1940-50

National
In 1941, as America prepared for possible war, Scouts distributed 1.6 million posters advertising Defense bonds and stamps and collected 10.5 million tons of scrap aluminum and 50 tons of wastepaper. When war came, their efforts increased. In the hours and days after the Japanese attack on Pearl Harbor, Hawaiian Scouts set up first-aid stations and emergency kitchens, helped evacuate civilians, served as messengers, and manned 58 air-raid sirens around Honolulu.

Throughout World War II, the BSA responded to 69 government requests for assistance. Scouts collected 210,000 tons of scrap metal, 590,000 tons of wastepaper, and enough milkweed floss to make nearly 2 million life jackets. They distributed millions of government posters, created 184,000 victory gardens, and planted nearly 2 million trees to replace those harvested for the war effort. The Scouts were so effective that the War Department stopped one wastepaper drive when storage facilities were overwhelmed.


When Japanese Americans were sent to internment camps during World War II, Scouting went with them. Cub Scout packs and Boy Scout troops flourished in all 10 internment camps, although conditions made some Scout activities—like the 14-mile hike required for the First Class rank—all but impossible.

As the 1940s opened, Irving Berlin created the God Bless America Foundation, donating all royalties from performances of his most famous song to the Boy Scouts and Girl Scouts. Today, those royalties benefit a BSA local council in New York.


Locally

In 1942 the Tribe of Manatee was dissolved and Calusa Lodge Order of the Arrow established to take its place.

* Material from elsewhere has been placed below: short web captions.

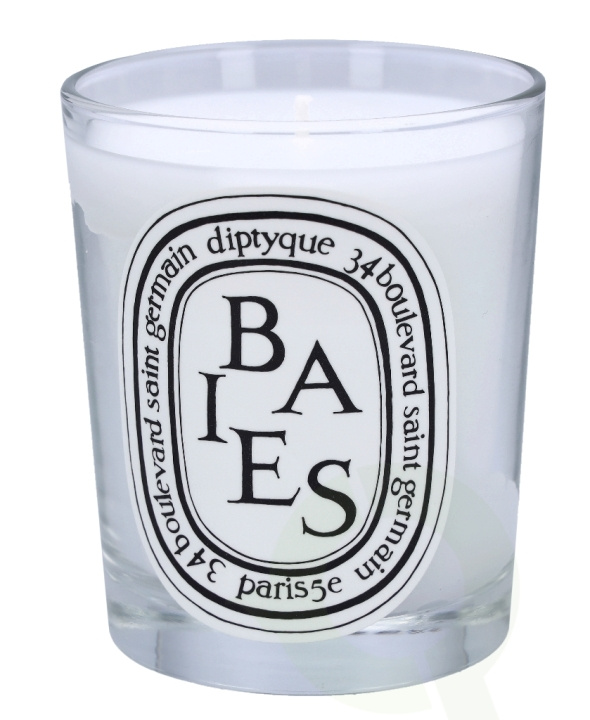 Diptyque Baies Scented Candle 190 gr i gruppen SKÖNHET & HÄLSA / Doft & Parfym / Övrig doft / Doftljus hos TP E-commerce Nordic AB (C44860)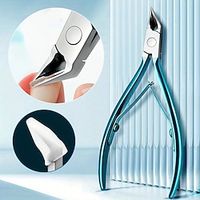 Nail Clippers For Paronychia Ingrown Nails, Metal Eagle Nose Pliers, Household Pedicure Tool Lightinthebox - thumbnail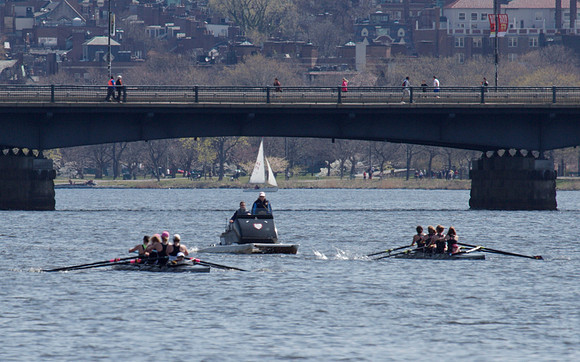 O'Leary Cup Regatta 4/14/2012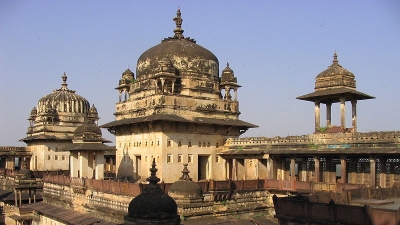 Maharaja Gangadhar Rao Ki Chhatri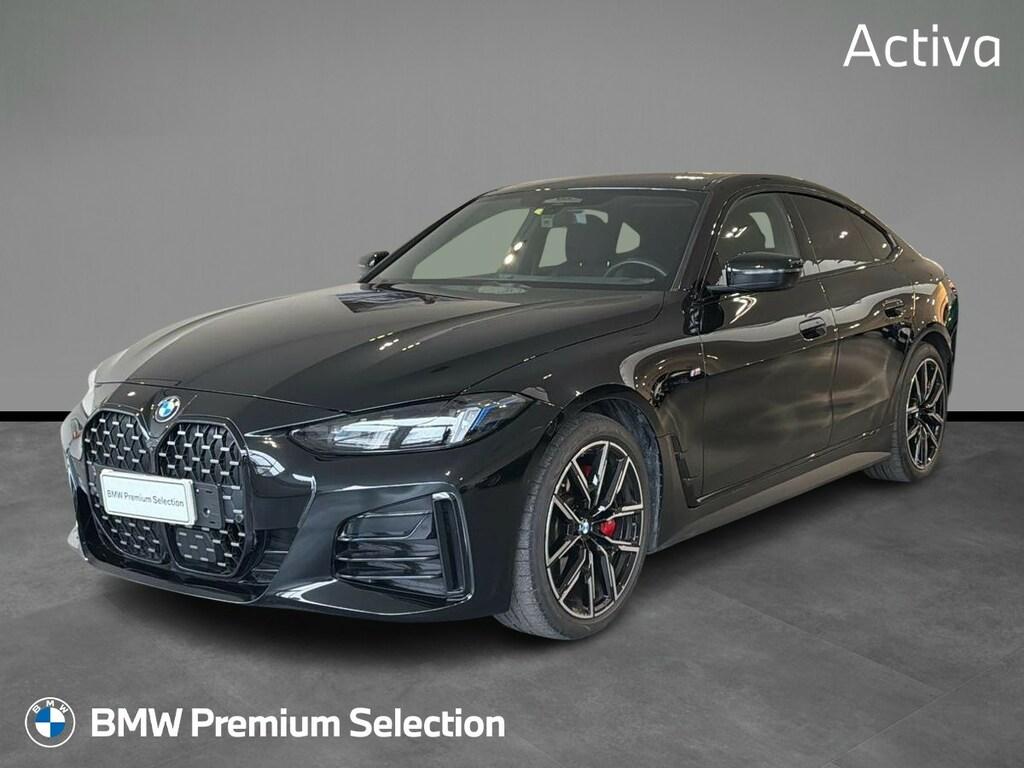 BMW Serie 4 420d Gran Coupe mhev 48V xdrive M Sport Pro auto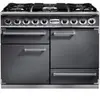 Piano de cuisson gaz FALCON Semi Pro DELUXE 110 ARDOISE NICKEL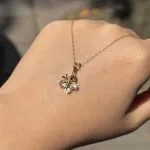پلاک مدل پروانه - Image 2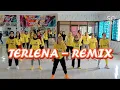 Download Lagu TERLENA - REMIX | DANGDUT | CHOREO | ZIN UCRIIETT KARAWANG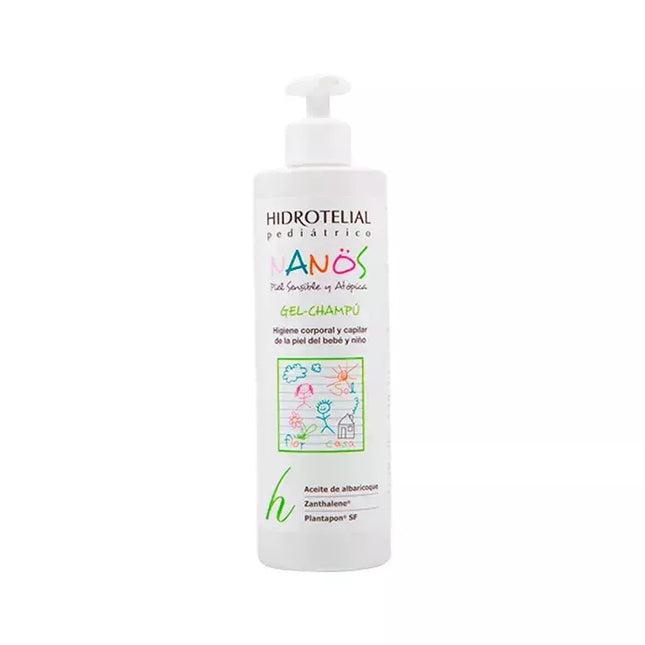 Hidrotelial Nanos Šampūno želė 500ml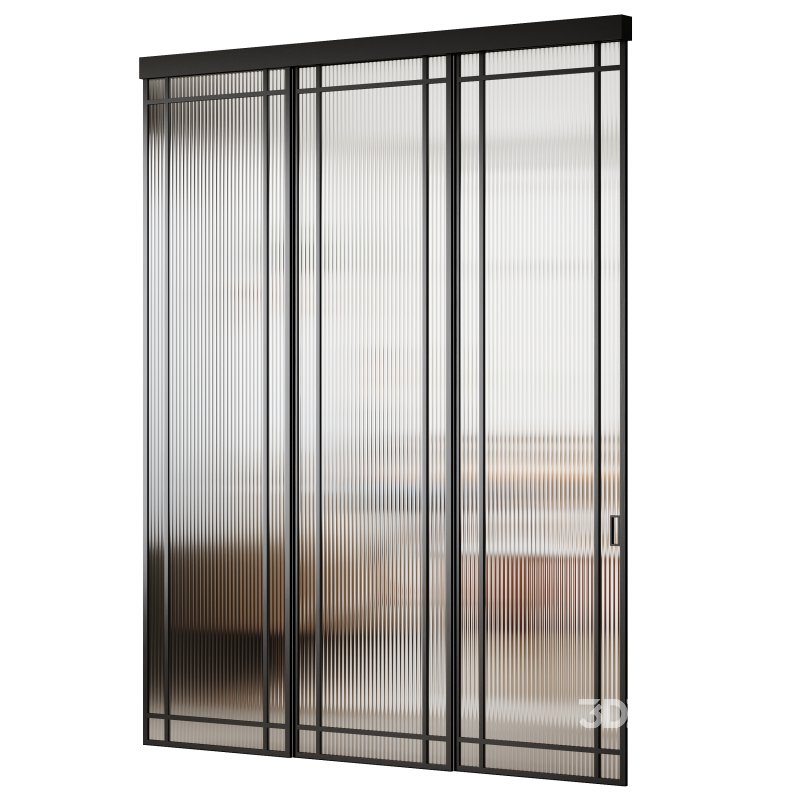 Partition Door 58 Image 3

World War II, with its food-rationing, brought many new problems to the running of summer camp at Flying Eagle. Each camper had to bring his ration book and a quarter pound of sugar. No one could be found to serve as a camp cook, so the Scout Executive’s wife assumed the duties, in spite of the fact that she had a 15-month-old baby to look after. She probably had no problem finding a baby sitter!

Buying food for the camp involved removing exactly so many blue stamps and so many red stamps from each camper’s ration book. Then, armed with a bag full of these stamps, trips to every store in every town within a ten-mile radius, she was lucky if she found the items in the quantity she needed to feed the camp population.

Since the Manatee River flowed through the camp it was only natural that group swimming and other aquatic activities be conducted there. However, when an epidemic of dysentery broke out in 1939, it was determined that the water in the Manatee was polluted and the river was closed to swimming. It remained closed until the summer of 1942. Summer camp in 1940 was held at Myakka State Park, and at Bear Point on Lake Childs near the town of Lake Placid in 1941.
The Manatee Health Department cleared the river for swimming for the 1942 Summer Camp, but it was again condemned for swimming in 1943. That year Sunny Land held its summer camp at Camp Flaming Arrow.

This perennial problem caused the Council to begin explorations to construct a swimming pool for Camp Flying Eagle. Their efforts culminated in May 1959 when the Burgstiner Construction Company broke ground for the new pool.

Electricity finally came to CFE in 1947, and in 1949 Sunny Land Council and Calusa Lodge hosted the Area J (entire state of Florida) Order of the Arrow Section conference.